[About this exercise]
Make an exact copy of the entries below, with all images left out.

── Given data ──

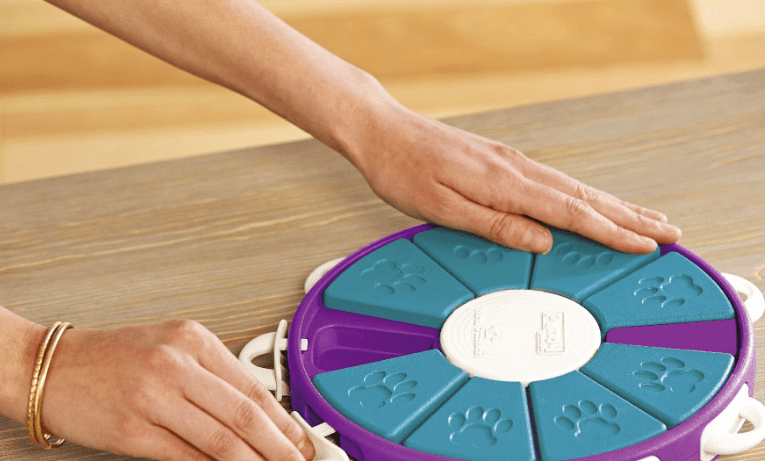 Engaging Dog Learning Toys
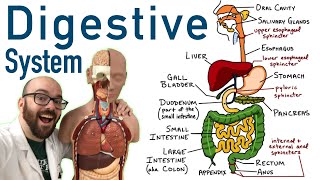 Digestive Tract Anatomy and Physiology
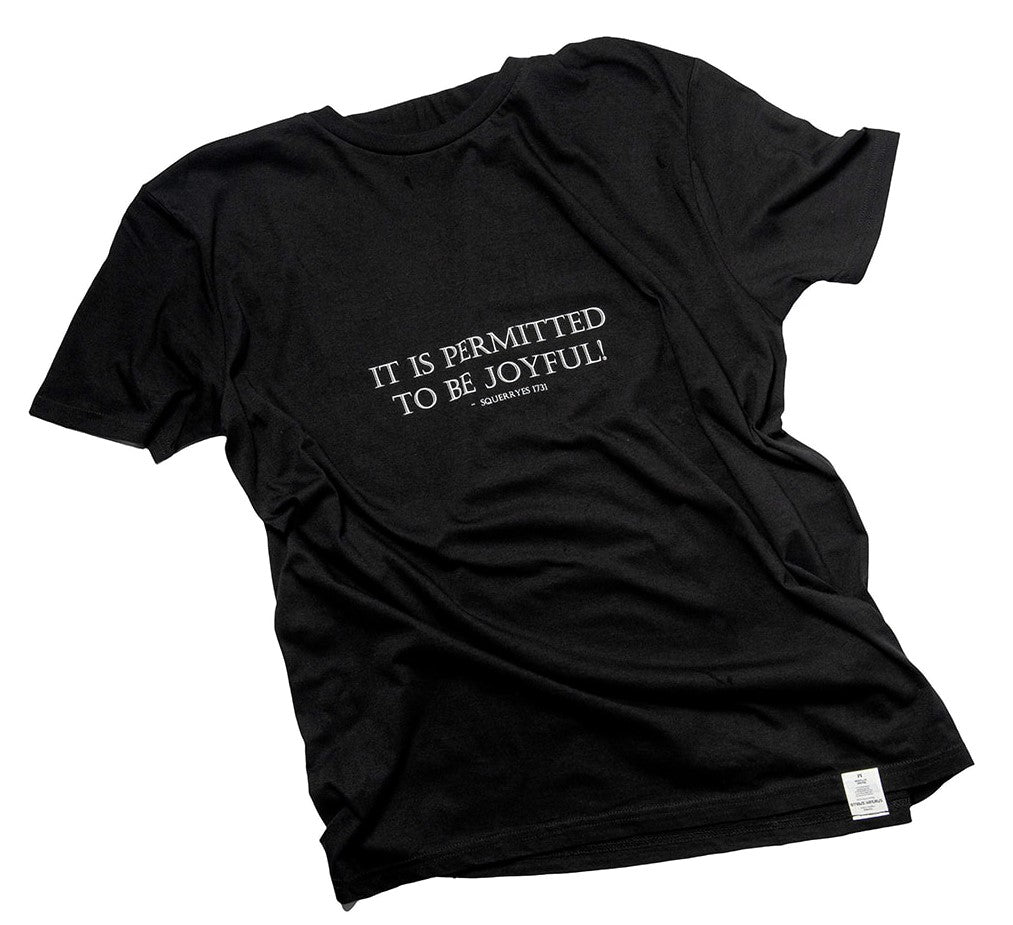 Ladies Joyful tee-shirt
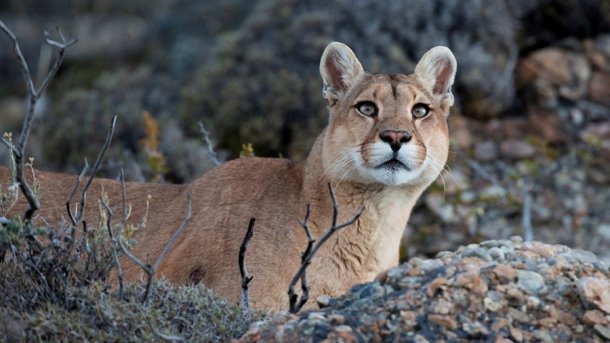 Norma Devecchi: "Un puma perdió la vida por imprudencia vial"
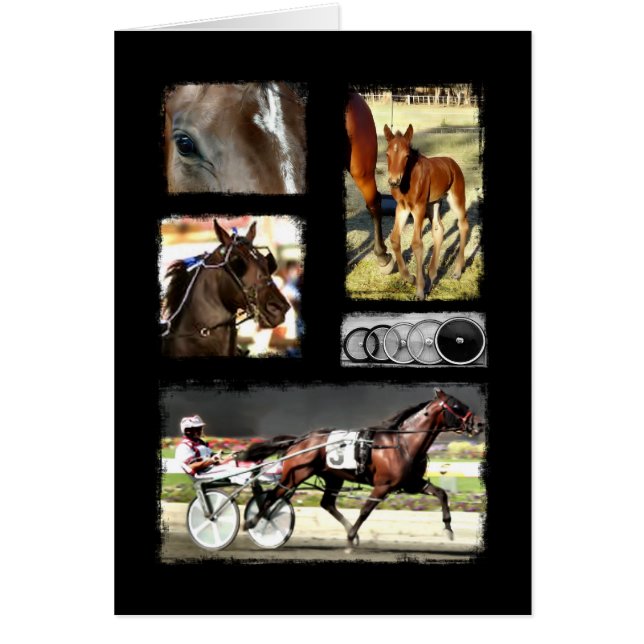 Harness Racing Sport (Voorkant)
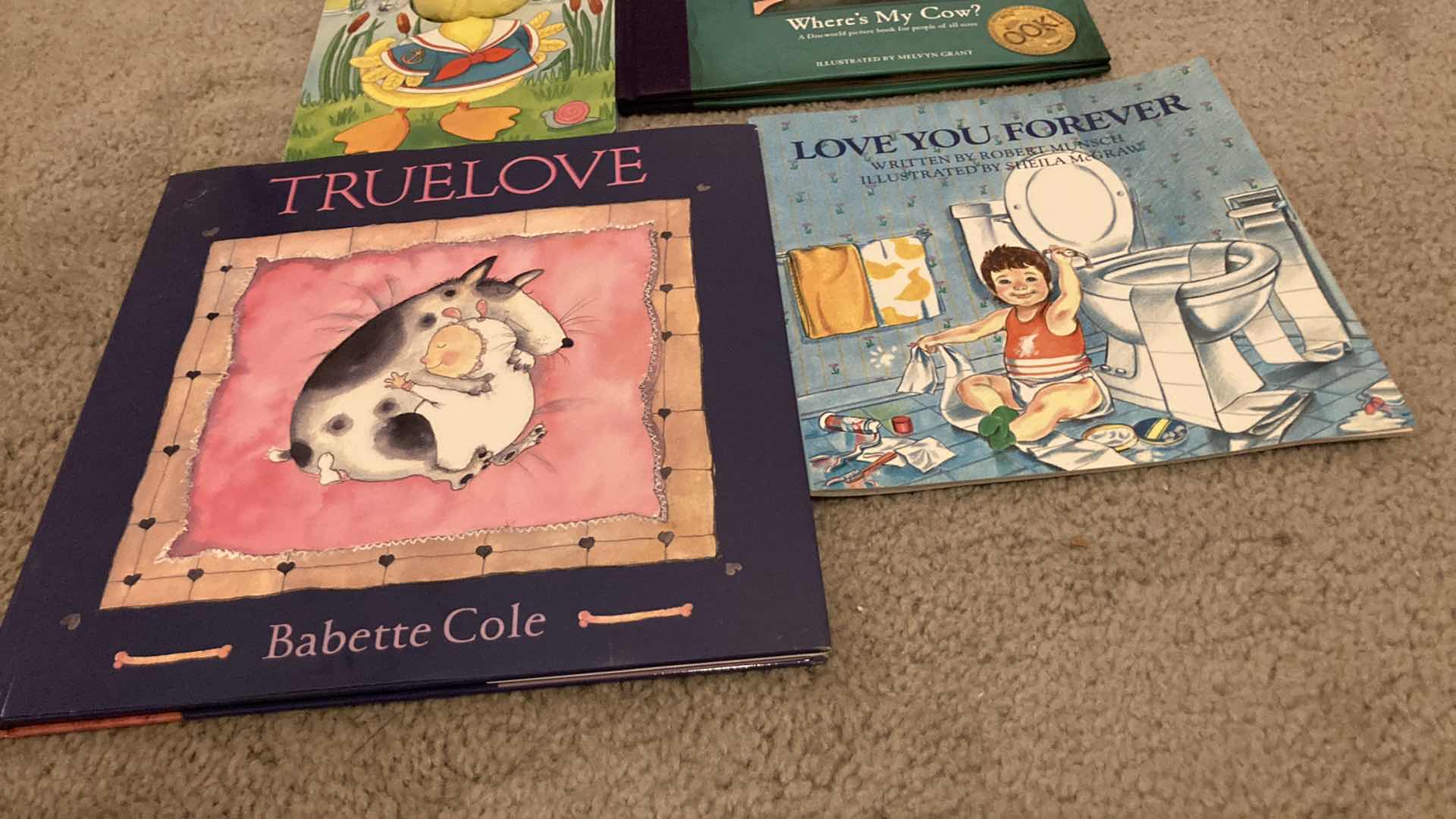 Photo 5 of CHILDREN’S BOOKS (8)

───

[Result for this task]
 Engaging Dog Learning Toys
 Digestive Tract Anatomy and Physiology
 Ladies Joyful tee-shirt
 Norma Devecchi: "Un puma perdió la vida por imprudencia vial"
 Harness Racing Sport (Voorkant)
 Photo 5 of CHILDREN’S BOOKS (8)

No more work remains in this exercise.